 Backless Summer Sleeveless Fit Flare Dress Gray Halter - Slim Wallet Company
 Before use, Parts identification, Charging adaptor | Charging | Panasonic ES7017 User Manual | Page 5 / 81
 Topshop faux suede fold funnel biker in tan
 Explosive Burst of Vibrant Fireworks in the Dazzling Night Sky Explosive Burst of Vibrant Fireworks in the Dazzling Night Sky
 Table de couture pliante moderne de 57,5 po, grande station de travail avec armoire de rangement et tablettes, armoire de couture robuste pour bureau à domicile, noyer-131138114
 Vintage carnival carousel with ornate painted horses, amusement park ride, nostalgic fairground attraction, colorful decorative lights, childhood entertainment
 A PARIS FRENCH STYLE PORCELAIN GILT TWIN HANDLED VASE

● ● ●

- EXERCISE DETAILS
Set down every entry again, exactly as written.

- SOLVED EXERCISE
 Backless Summer Sleeveless Fit Flare Dress Gray Halter - Slim Wallet Company
 Before use, Parts identification, Charging adaptor | Charging | Panasonic ES7017 User Manual | Page 5 / 81
 Topshop faux suede fold funnel biker in tan
 Explosive Burst of Vibrant Fireworks in the Dazzling Night Sky Explosive Burst of Vibrant Fireworks in the Dazzling Night Sky
 Table de couture pliante moderne de 57,5 po, grande station de travail avec armoire de rangement et tablettes, armoire de couture robuste pour bureau à domicile, noyer-131138114
 Vintage carnival carousel with ornate painted horses, amusement park ride, nostalgic fairground attraction, colorful decorative lights, childhood entertainment
 A PARIS FRENCH STYLE PORCELAIN GILT TWIN HANDLED VASE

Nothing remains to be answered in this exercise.